No one ‘s draping the mirrors, no one’s dropping casseroles, no one’s hurrying the children out the door to stay at Auntie Neighbor’s for a few days, no one’s letting me put the world on hold.
As children, my brother and I spent the summer with my father in Ohio, and a few of those weeks were always Connecticut, visiting with his sister. She and my uncle lived on thirty acres, in a farmhouse overlooking a steep, winding path to a pond where deer went through salt licks like there was tequila on tap. We rarely saw them—oops!
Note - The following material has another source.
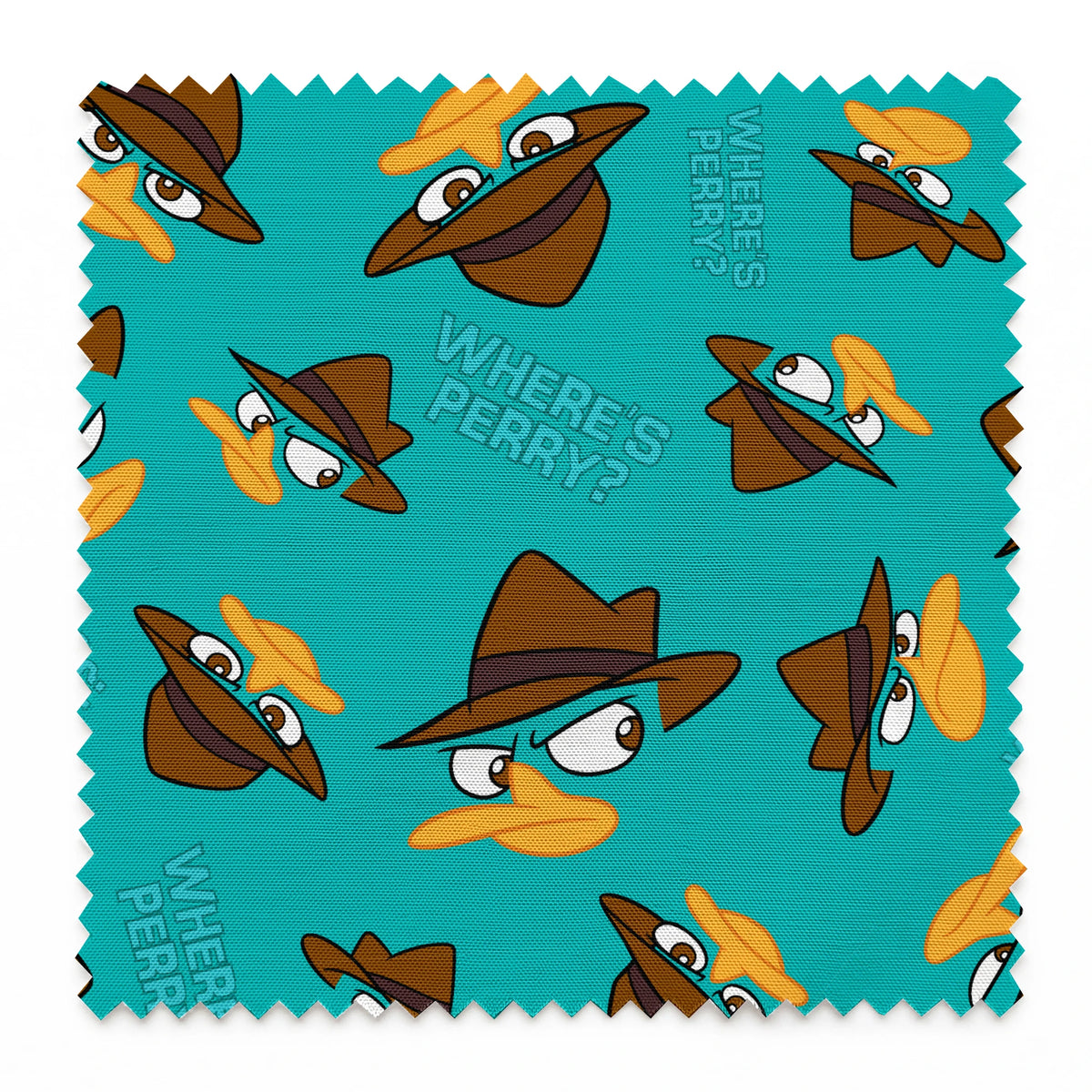 Pattern of cartoon character faces with brown fedora hats on teal background with "Where's Perry" text springs swatch pinked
There he goes—but we knew by the licks and the trampled grass that they spent a lot of time on the far shore.
They had cats and cats and cats: Mow Mow, Minuscule, Max, Nellie Blue, Paulo, Stray—I swear Stray was half-bobcat; he left long scars on my hands and forearms when we wrestled and he weighed at least twenty lbs. The hills were riddled with dens. The road they lived on was called Cathole Road. I’m sure I’m missing at least five cats. They rescued so many. Most of my crawling skills were honed following them in and out of screen doors, them trying to find a quiet place to curl up away from the baby frantically slapping Mexican tiles just behind them.
They liked to spoil their cats, feeding them delicacies, mostly giblets and kidneys (always accompanied by the old joke where a man walks into a butcher’s and says, “I’d like some kiddledees.” “Don’t you mean kidneys?” “I said kiddledees, diddle I?”). They trimmed the fat and gave us the scraps to offer to the circling birds at sunset.
My aunt passed away on Friday, and no one called me until this morning. When she had the stroke, her friend at the hospital, convinced she wasn’t going to make it, asked if she should call me. “No, no, don’t bother her.” If she weren’t already gone, I’d strangle her. Stubborn woman.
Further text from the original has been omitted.